**Problem statement:**
Among the entries that follow, the required portion opens with the line containing "BMW 3 серия, 2023" and closes with the line containing "Floral Symphony Bouquet". Give that portion again exactly, and nothing else.

**Input records:**
◆ ◆ ◆

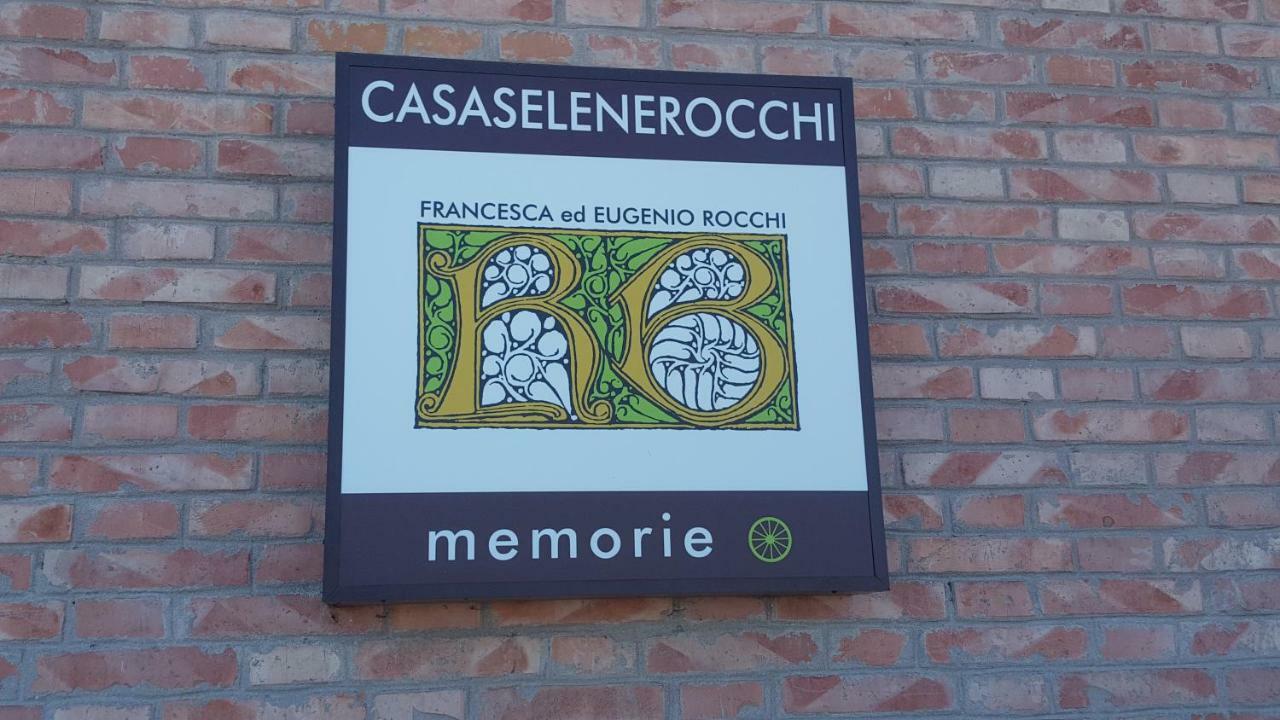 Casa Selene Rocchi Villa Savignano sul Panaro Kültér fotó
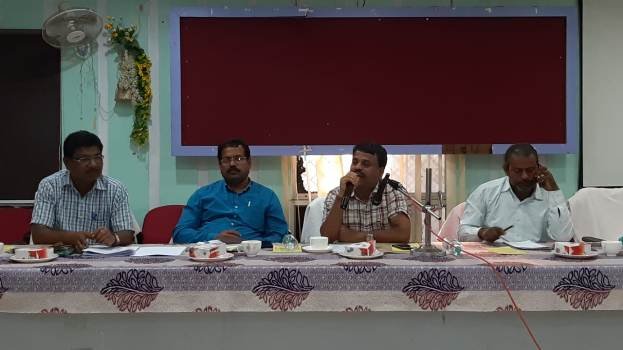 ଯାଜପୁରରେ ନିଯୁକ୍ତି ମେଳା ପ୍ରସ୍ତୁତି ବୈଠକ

◆ ◆ ◆

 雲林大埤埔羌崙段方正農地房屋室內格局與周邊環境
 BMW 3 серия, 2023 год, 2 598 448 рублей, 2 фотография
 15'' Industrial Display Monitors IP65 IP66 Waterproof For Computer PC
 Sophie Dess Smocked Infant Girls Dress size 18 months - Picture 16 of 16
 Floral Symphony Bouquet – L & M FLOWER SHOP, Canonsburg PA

◆ ◆ ◆

**Answer space:**
 BMW 3 серия, 2023 год, 2 598 448 рублей, 2 фотография
 15'' Industrial Display Monitors IP65 IP66 Waterproof For Computer PC
 Sophie Dess Smocked Infant Girls Dress size 18 months - Picture 16 of 16
 Floral Symphony Bouquet – L & M FLOWER SHOP, Canonsburg PA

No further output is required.